Are you conceited?
As far as myself, no, I rarely talk about myself and I'm probably the worst critic I have about how I look. Even though I've done extremely well and look a million times better, I've never been one to brag about that. I guess I look at the big picture, beauty fades ,things sag, youth ends. What matters to me is what sort of person I am and how I live my life. I do my best to try to be a good wife, mom, person in general...I'm far from perfect but as long as we all try, I think that's the best we can do. I use the same philosophy for my weight loss efforts, none of us are perfect but as long as we give some effort, then we won't fail.
My turning point for this was the birth of my son when everything stopped being about me. Once I realized that I am responsible for this little person and how grows up, a lot of my self-centeredness changed and I took more of a focus on the rest of my life, not just right now in the moment.
As far as looking at obese people now, the only thing I feel is sympathy and worry about their health. I know it doesn't bother some to be obese but it really did me and knowing how much better I feel now, I'd never go back. It's a very personal choice though to do something about it and everyone's "right time" is so different so having negative thoughts or feelings towards another's decision is really a waste of time because it's not your choice....we've already had ours.
Good luck and just remember that we are in control of all our thoughts and actions, so be responsible with them. :-)
~Emily~
This may come out wrong, and if it does I am sorry. Yes I am what some may call full of myself. I do think I am cute, and why should anyone expect me to feel any other way. How can I want someone else to find me attractive if I dont. I have a pretty face, a nice personality, and a body that is nice....but will be out of this world very soon. LOL! So yes I am full of myself, and when I weighed 390 lbs I was full of myself then as well. I am a firm believer that what one person dislikes there are plenty others who do. I have NEVER had a problem finding a man no matter what size I was. So if you are full of yourself.....SO WHAT!
As far as this "being cute for a big girl" WHAT THE HELL IS THAT? Does that mean that b/c you weigh a few extra lbs that makes your standars of cute different.

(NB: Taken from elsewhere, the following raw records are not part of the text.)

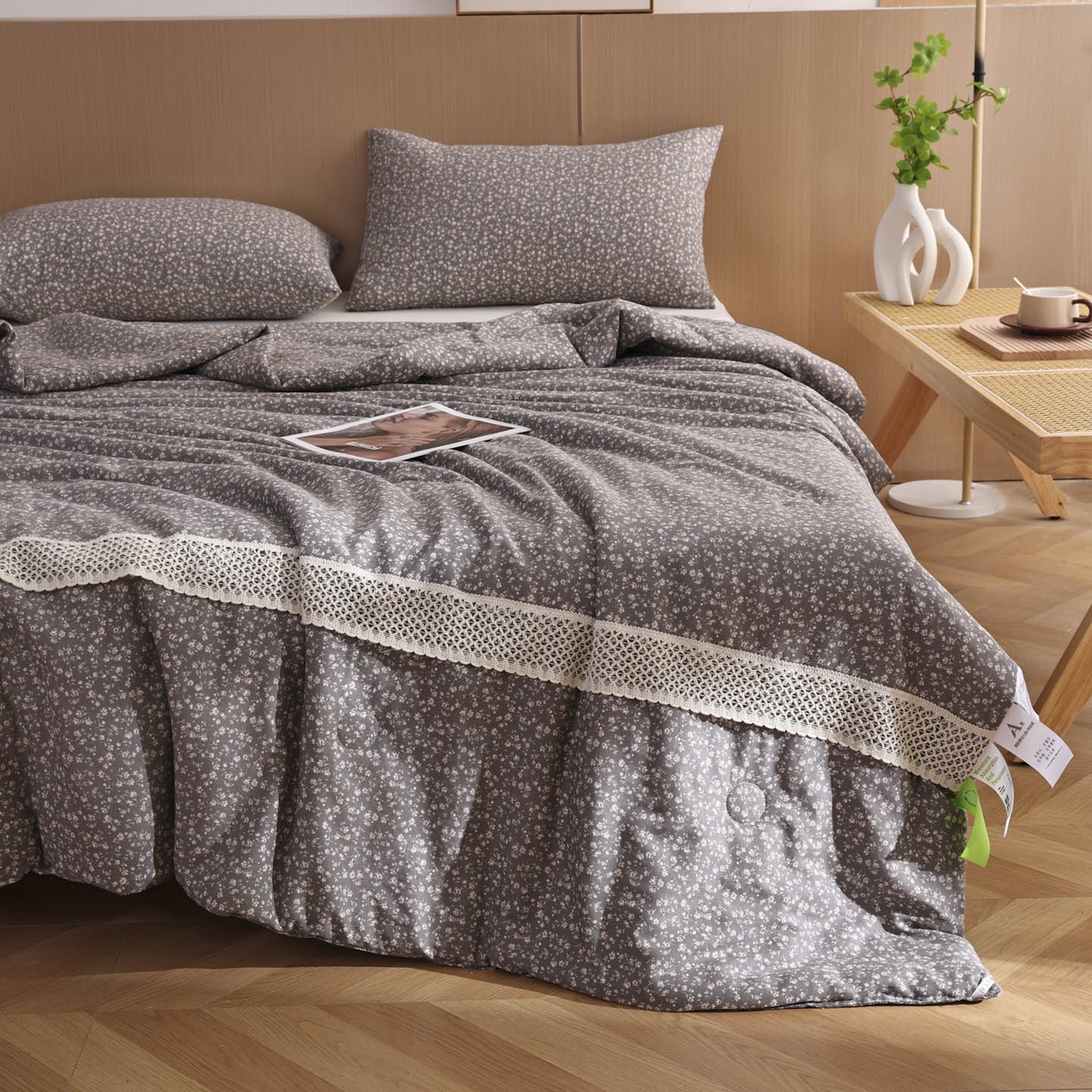 91家纺网 家纺一手货源 找家纺 尊妙被业 2026新款全棉双层纱蚕蛹蛋白抗菌夏被被子被芯 蔓纱-灰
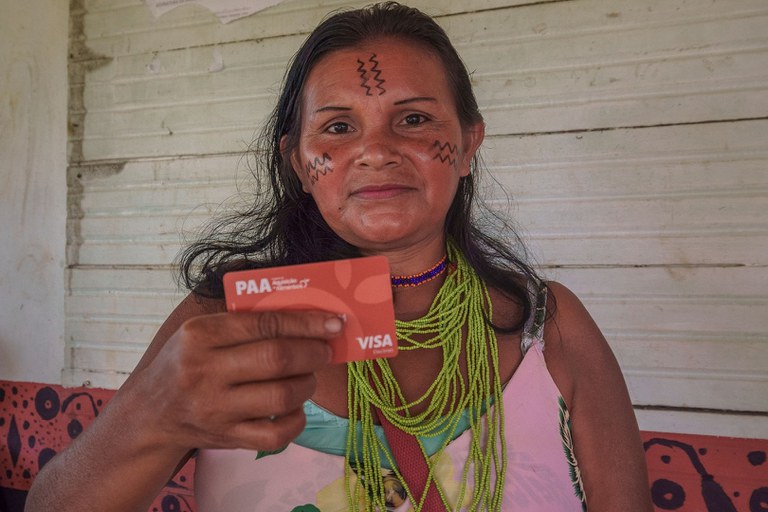 A experiência transformadora junto aos Yanomami, com a entrega do cartão do PAA Indígena em Maturacá (AM)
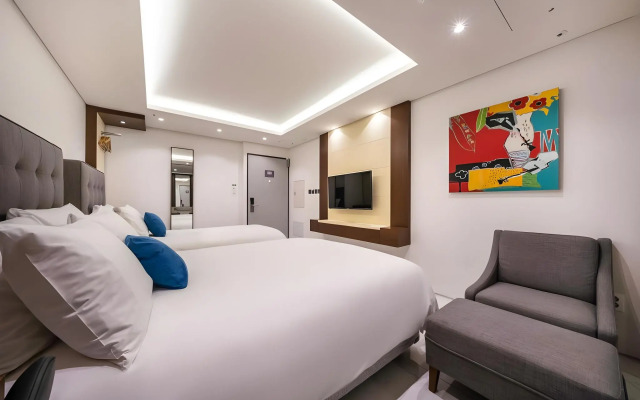 SweetMay Jeju Hotel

You were and still are a very pretty girl. NOT cute for a big girl......your are and were cute for any sized girl.
As far as talking about others, its just something that we as humans do. I know it may be wrong but we do it. Yes we know how it hurts for people to make fun of us.....but that does not matter. I dont seek out people to make fun of or laugh at. However if you look a hot mess I prob will tell my home girl....and we prob will laugh. Thats the way we have always been, no need for us to change now. I know everyone wants to take the nice road and say that its mean, but OH WELL. As you can see I am more for being honest......and sometime honesty isnt nice.